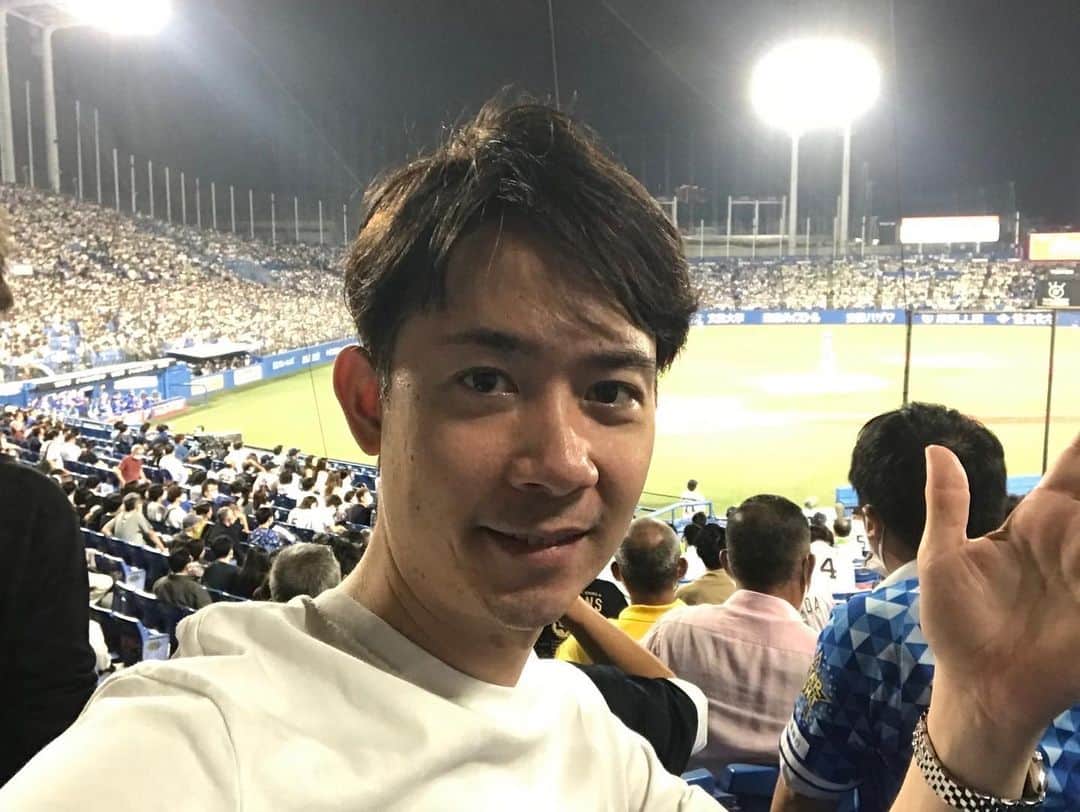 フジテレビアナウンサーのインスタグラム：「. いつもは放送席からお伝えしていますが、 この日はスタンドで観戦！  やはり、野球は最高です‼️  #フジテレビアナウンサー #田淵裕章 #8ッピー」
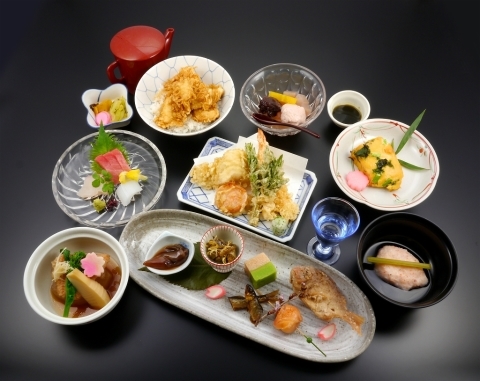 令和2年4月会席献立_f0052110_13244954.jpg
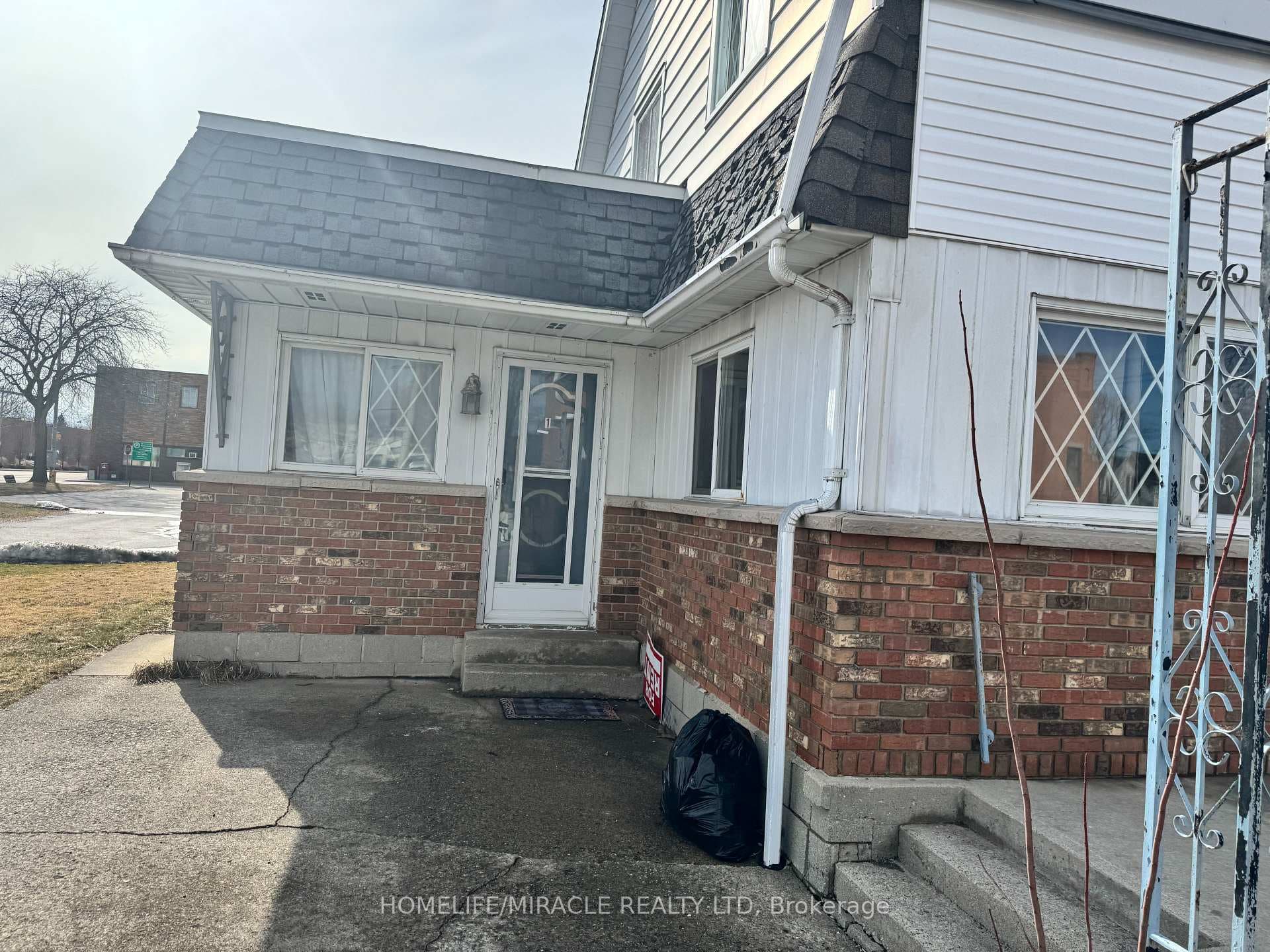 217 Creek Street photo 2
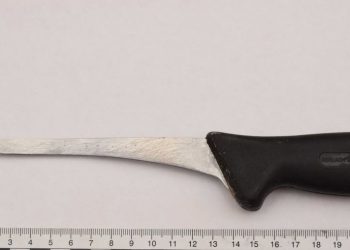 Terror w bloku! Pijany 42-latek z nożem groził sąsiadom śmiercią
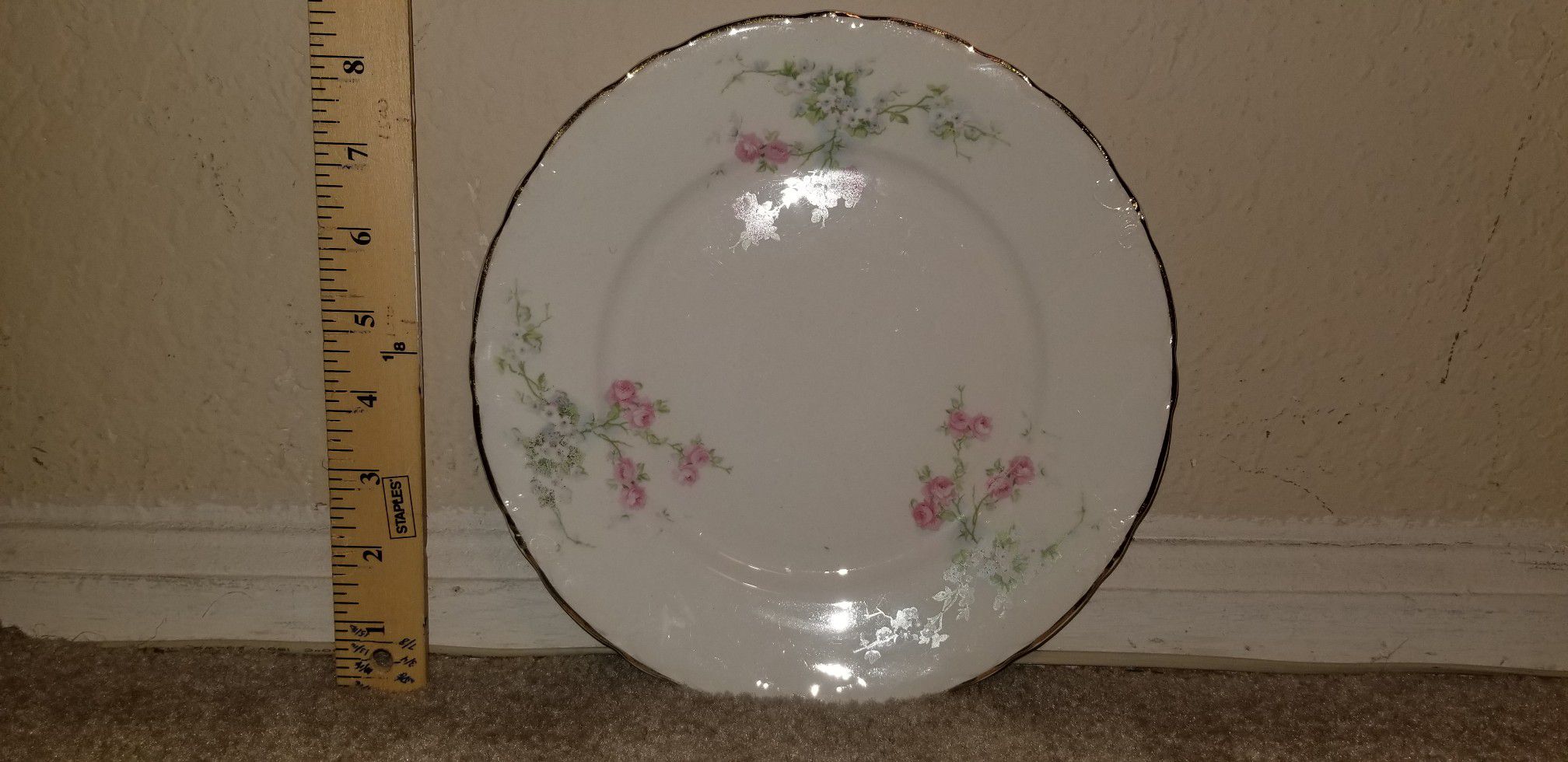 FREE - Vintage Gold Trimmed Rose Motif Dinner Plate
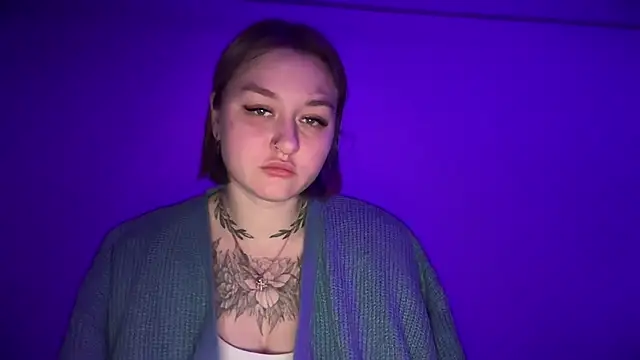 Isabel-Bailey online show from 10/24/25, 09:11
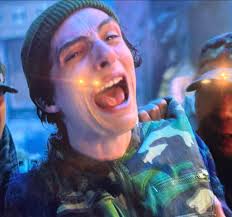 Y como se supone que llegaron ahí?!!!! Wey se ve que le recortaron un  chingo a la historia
---*---
Exercise objective: All that is needed is the span from the line with "Isabel-Bailey online show" through the last line of the material above, reproduced exactly and free of pictures.

Solution for this task:
 Isabel-Bailey online show from 10/24/25, 09:11
 Y como se supone que llegaron ahí?!!!! Wey se ve que le recortaron un  chingo a la historia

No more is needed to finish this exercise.